Personal information
- Date of birth: 11 June 1962 (age 64)
- Place of birth: Ilfracombe, England
- Position: Goalkeeper

Youth career
- 1978–1979: Swaythling
- 1979–1981: Bournemouth

Senior career*
- Years: Team / Apps / (Gls)
- 1981–1986: Bournemouth / 123 / (0)
- 1984: → Bristol City (loan) / 1 / (0)
- 1985: → Torquay United (loan) / 4 / (0)
- 1986: Bashley / ? / (?)
- 1986–1992: Hamrun Spartans / ? / (?)
- Total:  / 128 / (0)

= Ian Leigh =

English footballer

Ian Leigh (born 11 June 1962) is an English former professional footballer who played as a goalkeeper. Active between 1981 and 1992 in both England and Malta, in both League and non-League football, Leigh made over 125 career appearances.

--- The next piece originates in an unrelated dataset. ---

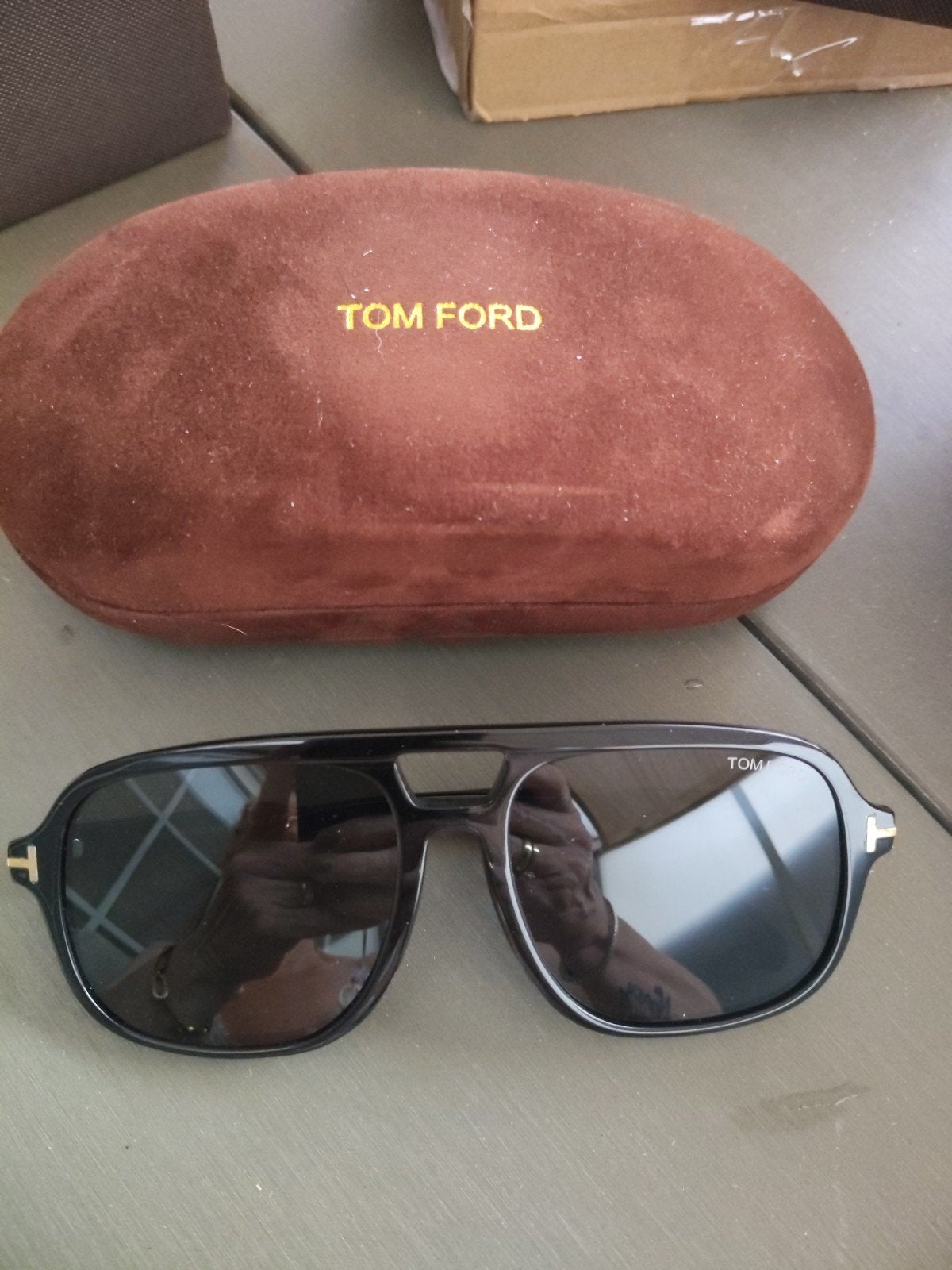 Tom Ford Zonnebril FT884 01  nieuw, Ophalen of Verzenden, Nieuw, Zwart, Overige merken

==Early and personal life==
Leigh was born in Ilfracombe, Devon on 11 June 1962. After retiring as a professional footballer, Leigh later became a double-glazing salesman in Southampton.

==Career==
Leigh began his career in non-League football with Swaythling, leaving them as a seventeen-year-old in October 1979 to join Football League team Bournemouth. Leigh made his professional debut for Bournemouth in 1981 after replacing the injured Kenny Allen in an away game against Peterborough United, a game in which Bournemouth lost 1–0. Over the next five seasons, Leigh made 123 appearances in the Football League for Bournemouth. While playing in the FA Cup against defending champions Manchester United in January 1984, Leigh kept a clean sheet in a 2–0 victory, and was rewarded with a lifetime supply of pizzas from a local Italian restaurant. The deal stayed in place for over a year, until Bournemouth's then manager Harry Redknapp bought the restaurant, citing the fact that Leigh was getting, "a bit fat, a little bit lumpy." He also played as Bournemouth won the inaugural Associate Members' Cup by beating Hull City in the final. Towards the end of his Bournemouth career, Leigh spent brief loan spells at Bristol City and Torquay United, making one and four appearances respectively. After Leigh left Bournemouth in 1986, he briefly played non-League football for Bashley, before moving to Malta to play with Hamrun Spartans, where he spent a further six seasons. Leigh was renowned for his powerful long shots, and became Ħamrun Spartans' penalty taker.